Seiji eut des frissons. La main plus haut continua de s'agiter tandis qu'elle approchait vers lui. Il eut des frissons, des frissons glacials qui lui parcoururent l'échine plus vite que le vent froid qui sifflait contre son oreille. Il trembla quand il reconnut le visage de la deux-chevaux qui avait occupé son appartement des mois durant. Il tenta de masquer son malaise en plongeant son visage dans son écharpe, mais en vérité, il savait que cela n'aurait plus servit à rien, Sawada semblait déjà avoir remarqué et se montrait méfiant. Malgré le bruit de la vie nocturne et la neige, Seiji distingua qu'on hurla son nom à travers la rue.
« Seiji ! Quelle coïncidence de se croiser ici !
Il n'osa rien dire, il se contenta de fixer l'autre homme de son éternel regard méprisant. Sûrement par pure politesse, Sawada le salua.
- Bonsoir, vous êtes une connaissance de Seiji ?
- Quelle perspicacité. Mais ça fait déjà quelques temps qu'on ne s'est pas vus, alors c'est assez amusant de croiser Seiji après pas mal de mois sans nouvelles.
- Si j'avais voulu te donner des nouvelles je l'aurais fait, marmonna Seiji dans son écharpe.

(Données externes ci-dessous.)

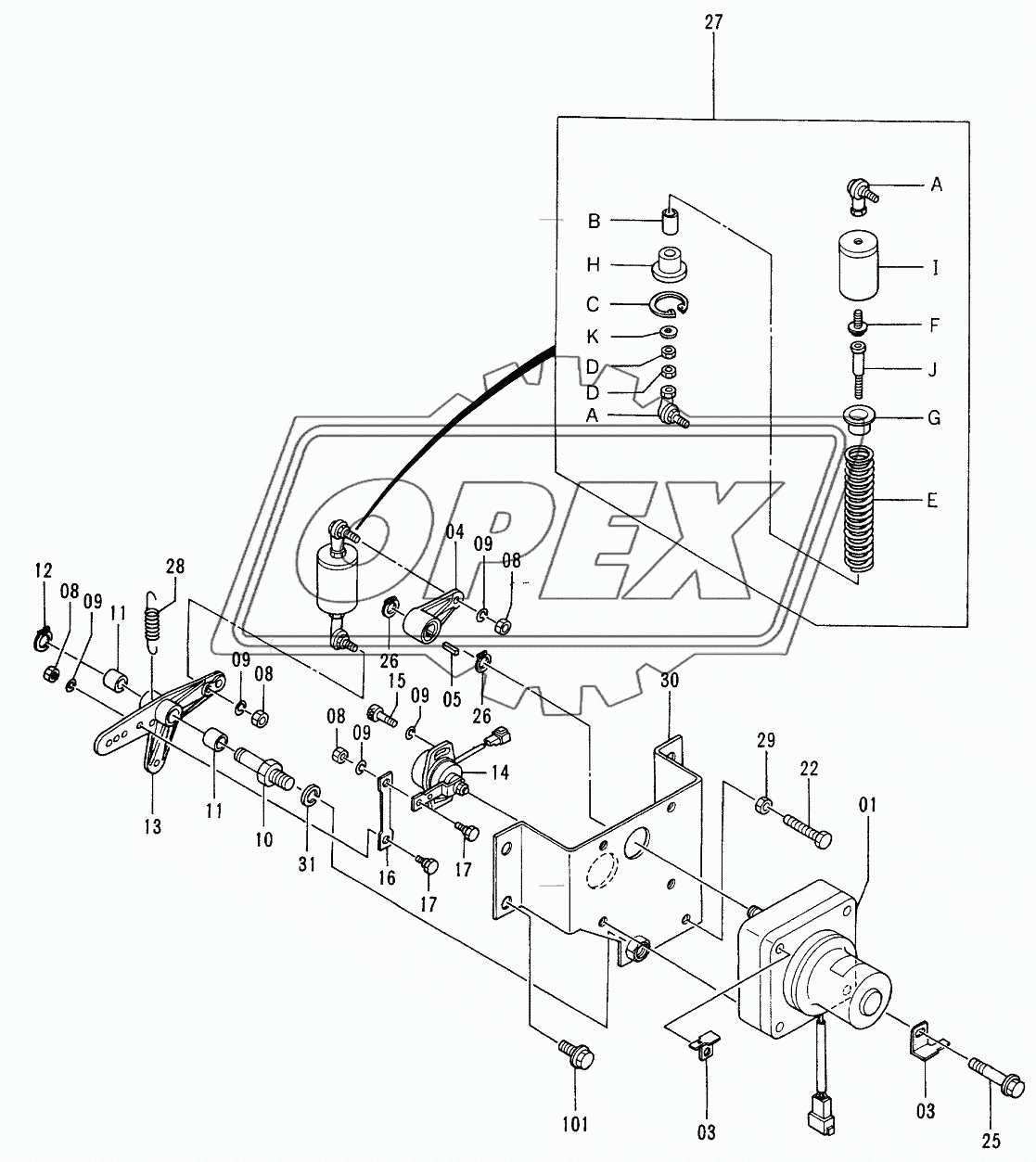 ENGINE CONTROL MOTOR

- Inutile de te montrer si hostile envers moi.
Discrètement, Sawada observa attentivement l'homme en face de lui. Il n'avait pas l'air véritablement agressif mais Seiji ne semblait pas tellement l'apprécier.
- Alors, qu'est-ce que tu deviens Seiji ?
- Tout va j'imagine.
- Je vois que tu es bien accompagné.
- En quoi ça te regarde ?
- Je ne faisais que le remarquer, rien de plus.
- Monsieur, veuillez nous excuser mais il se fait tard, j'étais sur le point de raccompagner Seiji, s'interposa Sawada.
- Oh je vois, pardon. Je vous laisse alors, bonne fin de soirée.
Seiji talonna Sawada, mais une main arrêta son épaule tandis qu'une voix grave murmura à son oreille.
- Dis-donc, tu as l'air de t'être bien vite débarrassé de moi. Sache que je n'ai pas l'intention de te laisser à un autre homme. Que tu le veuilles ou non, je ne renoncerai pas.»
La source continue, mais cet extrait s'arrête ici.